Shares of Wal-Mart stock have climbed more than 30 percent since the beginning of the calendar year with one of the biggest surges occurring since the company’s annual meeting with investors on Oct. 10.
Executives told investors Wal-Mart expects U.S. ecommerce sales growth of 40 percent in the next fiscal year and the company would take additional steps to integrate
its online and in-store businesses. Wal-Mart also said it would continue to slow the number of new store openings and devote more of its capital to e-commerce, technology and store remodels.
In addition, Wal-Mart projected earnings growth of 5 percent during the next fiscal year with a net sales gain of 3 percent. The company introduced a new two-year, $20 billion share buyback program as well during the meeting, replacing a previous $20 billion program that was announced in October 2015.
“That really helped to quell concerns around the company’s ability to grow earnings next year,” said Ben Bienvenu, a retail analyst with Stephens Inc. “Not only did they come out and say we’re going to grow earnings next year in the mid-single digit range, but that mid-single digit range they provided is viewed as a responsible rate
of growth in this competitive environment.”

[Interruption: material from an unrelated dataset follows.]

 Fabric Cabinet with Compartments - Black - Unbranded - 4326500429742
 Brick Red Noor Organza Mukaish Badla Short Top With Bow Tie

Shares of company stock climbed 4.5 percent to $84.13 on Oct. 10, reaching what was then a 52-week high.
Wal-Mart’s stock has climbed 13 percent since Oct. 9, the day before the meeting.
“I think investors are coming to realize that it’s likely Wal-Mart will be a major player in the future of retailing even as it evolves and the price reflects that,” Bob Williams, senior vice president and managing director of Simmons First Investment Group, said last week.
Wal-Mart has a history of splitting its stock when shares climb to record levels. Stock splits essentially double the number of a company’s outstanding shares and cut the stock price in half. They’re typically applauded by shareholders because splits often lead to a run-up in a stock’s price because it becomes more affordable to small investors.
There have been 11 splits in the company’s history with the last taking place in March
1999, according to Wal-Mart’s corporate website.
The current gap between stock splits — 18 years and counting — is the longest in the company’s history.
“It could be an option on the table,” Yarbrough said. “But it does seem like a lot more companies these days like the Googles and the Apples of the world don’t care about it as much.”
For now, Yarbrough said the surging stock is an indication investors are confident in Wal-Mart’s plan and the company has been a safe bet in what has otherwise been a retail “wasteland” because of Amazon’s dominance.
But he also remains cautious about Wal-Mart — which reports third-quarter earnings Thursday — moving forward.
“They’re still one bad earnings, or one earnings miss away from being down 10 or 15 percent and everyone going, ‘They’re still a bricks and mortar retailer,’” Yarbrough said. “But right now they’ve got a lot of mojo.”